Over and over again, Marla Mase’s “The Pill” returns to Sylvia, her head in a toilet bowl, a toothbrush down her throat, attempting to throw up her daughter’s pill, a mood enhancer like Xanax. Sylvia is breaking down and her teenage daughter Leni, teaches her the most effective way to vomit out the harmless pill that Sylvia has convinced herself will kill her (Leni: “i’ve taken a whole bottle and didn’t get as much as a fucking nosebleed”), Sylvia’s ten year old son Philip is peeking behind a door at the scene, and Philip as an adult narrates the action. Sylvia’s parents are on their way over to the apartment.
This moment in time is a centrifugal force in Philip’s life and it his moment, neither his sister’s nor his mother’s, to which we return. Philip is the normal one of the family whose informal sanity is jeopardized. It is a form of “Rashomon,” the telling of the same story from different point of views., and also of magical realism, of using the skills to make time the size she wants. One day, maybe ten years ago, Marla melted down after taking one of her daughters pills: the moment is seen as a changing point for the son for reasons that will become clear before the evening is over. The performance artist and rocker Mase, asked her family to write their memories of that day, Marla wrote “The Pill,” her son Yanai Feldman wrote “The Pill,” her daughter Lael Feldman (a terrific soul singer in her own write), wrote “When My Mom Took Crazy Pills,” her father Dr. Howard Mase’s “The Purposeful Pill” and Conversations With Grandma completes it. Marla worked on conflating them all in three workshops and Thursday evening, brought a houseful of friends and well wishers for a reading of the in development play.
Yes, a reading, but when you think of a reading, you imagine actors round a table working through it. Thursday was more of an “in concert” performance. The actors had the script but if they hadn’t conned it, they knew it well (five days they worked on it, the director told us), Tomas Doncker, James Dellatacoma and Mark Henry provided sound effects, and the 90 minute plus reading was somewhat closer to a finished deal.
The play feels like it was written to be read and it is hard to imagine how it would work on a stage, the staging on Thursday had a seamless movement, it segued effortlessly between past and present, between that one moment and the present day, so what is necessary on stage, a change of scenery say, is not necessary here. David Ives “Ancient History,” a play about the evening a relationship ended, uses a bell to signify the change of narrator, but it was all in one room. Tom Stoppard’s “Arcadia” skipped 200 years by simply putting a laptop on a table, so it can be done. Mase uses the adult Philip to move us through time, place and memory.
But to what end?
“The Pill” builds myth from Familial drama, it changes the preciseness of personal characteristics into the hugeness of god like forms -it is family as idea and not personified by Philip and certainly not by the batty Matriarchal Grandma whose strangeness seems to infect everybody else, but by that ideal of something that is defined by what it is. Especially the greatest creation of the play: Leni. All the acting here is superb, complete brilliance.
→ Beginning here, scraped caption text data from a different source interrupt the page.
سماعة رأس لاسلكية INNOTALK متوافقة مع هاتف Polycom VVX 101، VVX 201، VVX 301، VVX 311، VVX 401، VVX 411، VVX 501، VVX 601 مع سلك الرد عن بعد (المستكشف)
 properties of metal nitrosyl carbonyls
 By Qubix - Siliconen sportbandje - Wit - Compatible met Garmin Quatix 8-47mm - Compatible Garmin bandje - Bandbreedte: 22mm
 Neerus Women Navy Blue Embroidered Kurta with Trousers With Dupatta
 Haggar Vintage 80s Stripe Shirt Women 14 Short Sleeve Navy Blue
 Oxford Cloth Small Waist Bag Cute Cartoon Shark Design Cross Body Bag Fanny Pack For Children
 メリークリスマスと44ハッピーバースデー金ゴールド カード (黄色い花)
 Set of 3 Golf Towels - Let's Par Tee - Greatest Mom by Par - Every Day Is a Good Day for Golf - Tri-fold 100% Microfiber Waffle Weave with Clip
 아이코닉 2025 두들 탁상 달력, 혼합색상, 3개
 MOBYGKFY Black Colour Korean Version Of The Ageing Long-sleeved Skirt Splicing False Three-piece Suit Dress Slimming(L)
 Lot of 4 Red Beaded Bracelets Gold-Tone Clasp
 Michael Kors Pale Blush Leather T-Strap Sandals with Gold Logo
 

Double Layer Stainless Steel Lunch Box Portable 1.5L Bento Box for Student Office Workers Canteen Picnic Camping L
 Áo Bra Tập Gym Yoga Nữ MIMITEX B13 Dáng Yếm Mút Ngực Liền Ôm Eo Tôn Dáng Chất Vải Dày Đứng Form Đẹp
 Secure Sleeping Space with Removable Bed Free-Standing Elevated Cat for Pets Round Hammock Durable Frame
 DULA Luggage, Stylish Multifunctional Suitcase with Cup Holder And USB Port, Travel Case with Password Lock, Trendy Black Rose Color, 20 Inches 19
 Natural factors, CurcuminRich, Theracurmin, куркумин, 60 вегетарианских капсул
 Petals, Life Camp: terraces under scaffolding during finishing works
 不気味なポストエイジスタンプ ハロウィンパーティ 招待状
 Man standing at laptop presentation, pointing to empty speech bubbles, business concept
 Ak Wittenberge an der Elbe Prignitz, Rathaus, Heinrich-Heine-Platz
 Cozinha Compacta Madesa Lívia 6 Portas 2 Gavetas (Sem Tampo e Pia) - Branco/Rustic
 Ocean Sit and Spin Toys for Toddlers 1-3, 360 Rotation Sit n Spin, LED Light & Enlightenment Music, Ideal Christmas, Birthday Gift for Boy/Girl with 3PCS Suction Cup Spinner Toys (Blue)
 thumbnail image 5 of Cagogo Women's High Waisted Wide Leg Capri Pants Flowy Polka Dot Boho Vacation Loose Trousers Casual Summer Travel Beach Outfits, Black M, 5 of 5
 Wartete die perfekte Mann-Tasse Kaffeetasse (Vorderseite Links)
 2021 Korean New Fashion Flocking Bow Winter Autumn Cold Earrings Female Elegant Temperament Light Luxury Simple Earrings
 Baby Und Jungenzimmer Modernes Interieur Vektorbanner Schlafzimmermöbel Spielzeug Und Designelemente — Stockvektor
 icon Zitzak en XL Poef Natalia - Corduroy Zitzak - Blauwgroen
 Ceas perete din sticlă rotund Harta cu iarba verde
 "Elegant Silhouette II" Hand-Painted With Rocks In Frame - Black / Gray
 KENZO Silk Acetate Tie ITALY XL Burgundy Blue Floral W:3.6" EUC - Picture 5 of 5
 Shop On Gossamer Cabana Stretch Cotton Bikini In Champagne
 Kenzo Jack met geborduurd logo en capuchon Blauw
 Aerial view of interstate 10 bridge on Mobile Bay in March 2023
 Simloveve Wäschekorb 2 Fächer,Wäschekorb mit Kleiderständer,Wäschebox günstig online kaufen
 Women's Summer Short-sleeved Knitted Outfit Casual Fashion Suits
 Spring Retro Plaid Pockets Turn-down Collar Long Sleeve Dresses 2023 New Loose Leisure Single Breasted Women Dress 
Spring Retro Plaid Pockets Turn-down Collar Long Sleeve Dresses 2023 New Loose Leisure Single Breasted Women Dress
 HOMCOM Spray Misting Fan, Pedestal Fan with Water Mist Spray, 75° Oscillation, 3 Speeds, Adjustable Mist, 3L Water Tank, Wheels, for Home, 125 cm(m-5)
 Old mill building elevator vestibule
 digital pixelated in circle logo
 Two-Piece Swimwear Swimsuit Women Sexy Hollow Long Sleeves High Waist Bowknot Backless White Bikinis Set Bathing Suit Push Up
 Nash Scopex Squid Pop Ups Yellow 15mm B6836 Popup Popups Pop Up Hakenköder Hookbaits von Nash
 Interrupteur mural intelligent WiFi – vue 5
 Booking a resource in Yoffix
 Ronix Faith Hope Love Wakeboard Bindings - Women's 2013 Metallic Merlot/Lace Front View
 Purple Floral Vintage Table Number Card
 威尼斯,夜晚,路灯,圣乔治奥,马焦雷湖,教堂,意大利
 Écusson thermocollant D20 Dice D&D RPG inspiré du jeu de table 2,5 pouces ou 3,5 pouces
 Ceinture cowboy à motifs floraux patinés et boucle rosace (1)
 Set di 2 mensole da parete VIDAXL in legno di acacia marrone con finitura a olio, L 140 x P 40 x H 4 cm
Sitting so close to the actors, it is a privilege to watch them fall into their roles, no hesitation, no winking, no acting in their acting. At one part Sylvia performs a small excerpt from some of Marla’s performance art, and it is a terrific hall of mirrors, with Marla (and her family) inches away a role I’ve seen Marla perform is performed in a performance Marla has written for another actress. The Grandma plays ditzy with charm and also a form of worry, the Doctor is smooth as silk, and the two Philips roll off each other (the boy is amazing, how much discipline in one so young), one behind the other… but Leni…
Leni is a performance to be remembered. It takes the most tragic member of the family and makes the strange, sad girl a heroine oddly too good for us and not good enough. In one of the most singular things I’ve ever seen (and I saw Glenn Close as Norma Desmond on Broadway yesterday), she goes from being a teenager, to being the three year old having a breakdown on a ride in a fairground, and then stops on a dime and sits down. Leni is in the center of the stage and it is her that is the center of the drama, Philip is the brother watching his sister suck up all the oxygen everywhere she is, he worships her to the place where he emulates what shouldn’t be emulated. The actress performs Leni as a young god, a flawed hero, an Achilles. It is really quite scary, how exciting she makes pure terror.
“The Pill” isn’t perfect because it isn’t finished. I am not certain how it will work on stage (my feeling is they will rid themselves of the adult Phillip once they don’t need him to direct our attention) and I am not certain how they can make the brilliant and seamless moves in time and direction, perception and reality, work on stage. But if they can, “The Pill” will be a major triumph for Mase. She has taken her family and changed them into all of our families while keeping their individuality and with Leni she has given us an entirely new form of hero.
1 Comment
I saw The Pill reading and agree, Zoe Wilson, the lead actress playing Leni, offered a stunning performance, even for one not so young! Brava to the whole cast and crew on an amazing achievement in live theatre.